_TASK INSTRUCTIONS_
Within the lines below, the span from the line with "Snapshot of SusiLifeXXX" to the line with "Unit for sale", both ends included, is to be reproduced exactly, with pictures omitted.

SOURCE RECORDS START

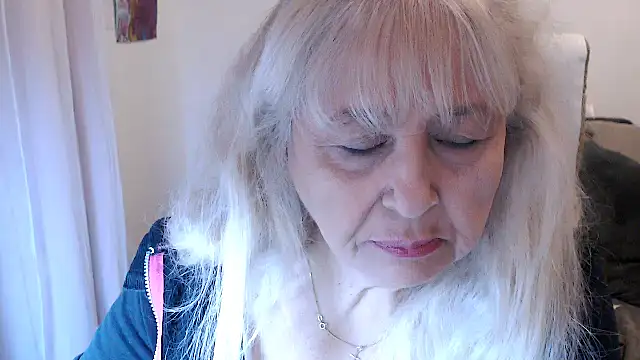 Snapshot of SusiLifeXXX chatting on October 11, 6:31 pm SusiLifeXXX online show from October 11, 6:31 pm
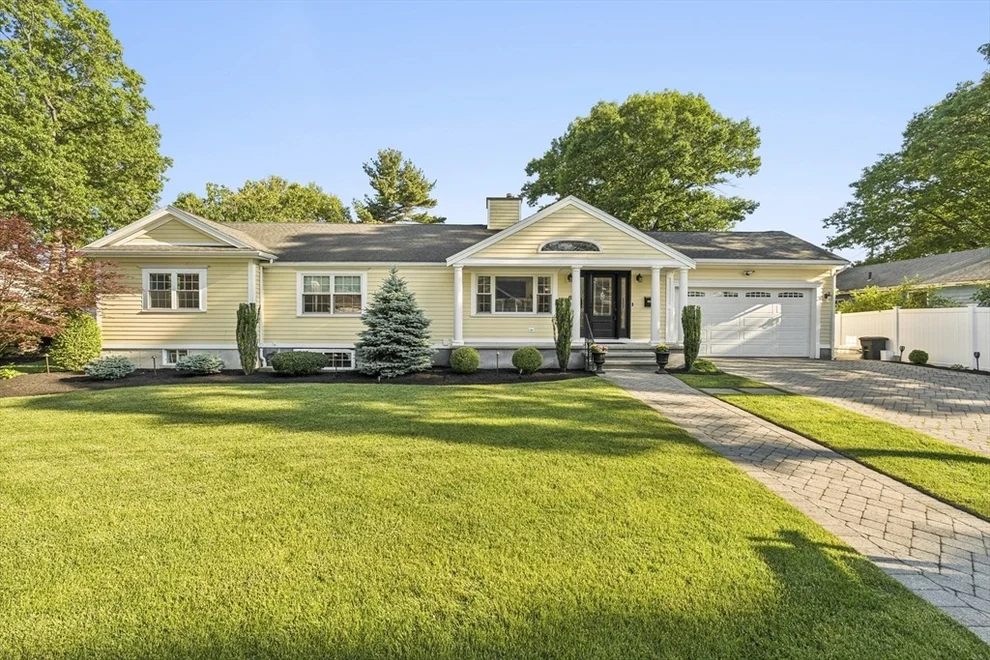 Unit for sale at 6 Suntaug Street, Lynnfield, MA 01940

SOURCE RECORDS END
SOURCE RECORDS START

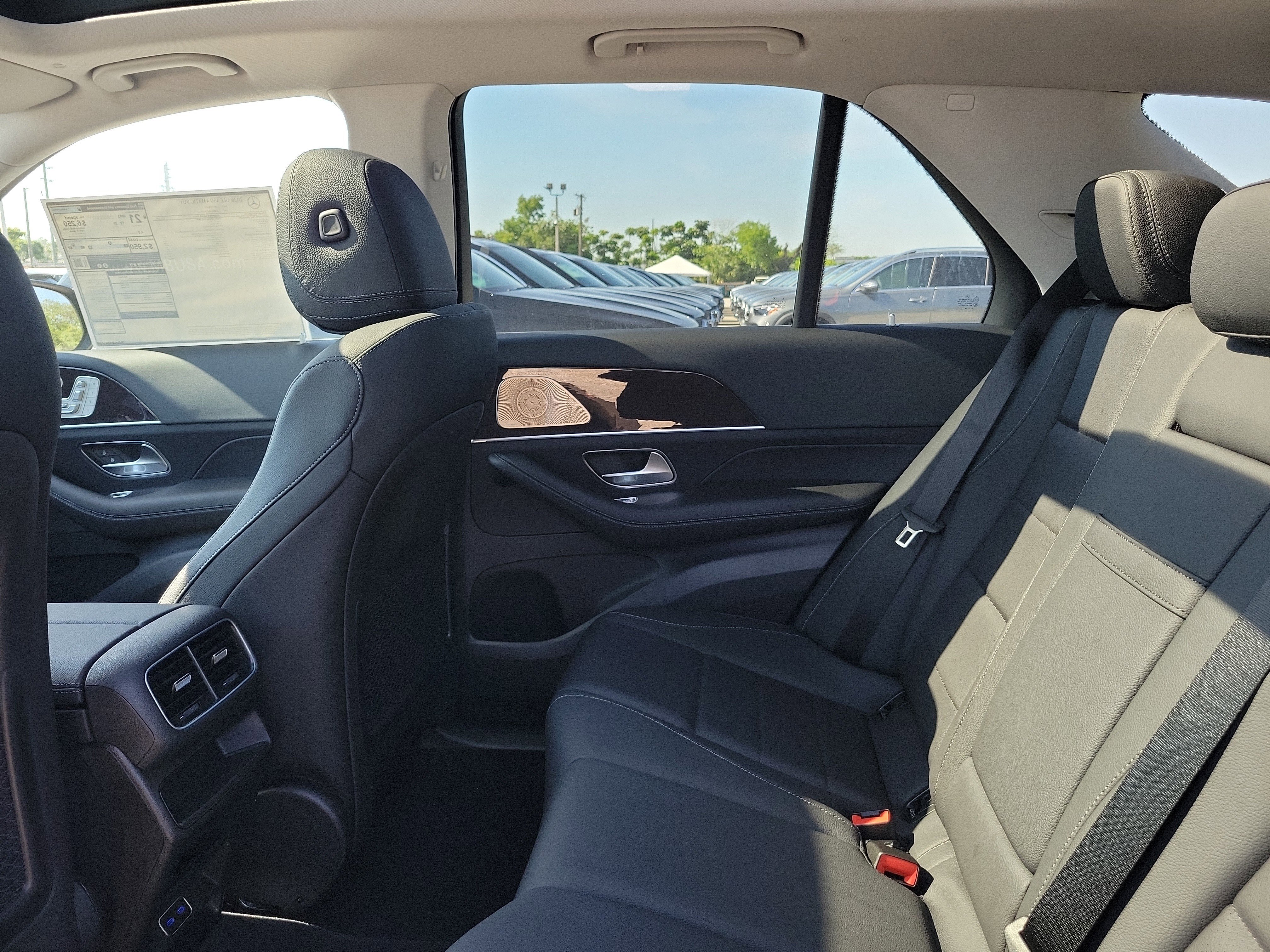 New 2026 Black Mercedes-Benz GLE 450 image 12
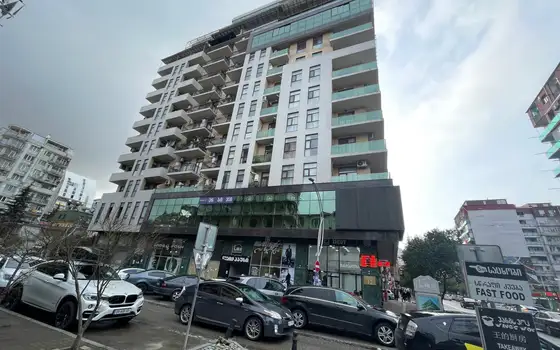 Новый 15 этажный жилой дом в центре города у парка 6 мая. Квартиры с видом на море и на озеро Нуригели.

SOURCE RECORDS END

_EXERCISE RESULT_
 Snapshot of SusiLifeXXX chatting on October 11, 6:31 pm SusiLifeXXX online show from October 11, 6:31 pm
 Unit for sale at 6 Suntaug Street, Lynnfield, MA 01940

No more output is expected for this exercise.